Barak's lurch ahead in the polls so close to the May 17 ballot is a significant shift from past elections, in which it was usually the right-wing Likud Party that gained more support closer to election day. In the 1996 election, for example, the lead enjoyed by then-Prime Minister Shimon Peres disappeared in the weeks before the election as undecided "floating voters" moved into Netanyahu's camp. "It is the first time in many years that there has been a shift in the Labor side of the equation at this late stage in the campaign," says Hanoch Smith, a veteran Israeli pollster. "Most of the people who are leaving Mordechai are going over to support Barak."
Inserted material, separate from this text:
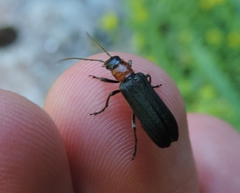 Anogcodes fulvicollis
In his campaign rhetoric, Netanyahu has been painting Barak as an ultraliberal who will give in to all Palestinian demands, especially their claim to East Jerusalem as their capital. Barak, taking cues from James Carville, who ran the 1992 Clinton-Gore campaign, has been attacking the Netanyahu camp for the economic slump that has unfolded under its watch. But there has been little if any real debate on the raison d'tre of the election: how and whether to continue trading land for peace with the Palestinians, and to consider negotiations with other neighbors such as Lebanon and Syria.

Many say that's because the concept of the peace process itself is no longer in question, as the majority of Israelis have come to accept the need for some kind of peace deal with the Palestinians. What's left is a more personal battle over integrity, character, and leadership ability.

"The question is, who's going to be the best manager for the company called the State of Israel," says Efraim Inbar, a professor of political science at Bar-Illan University near Tel Aviv. "Ideology is over."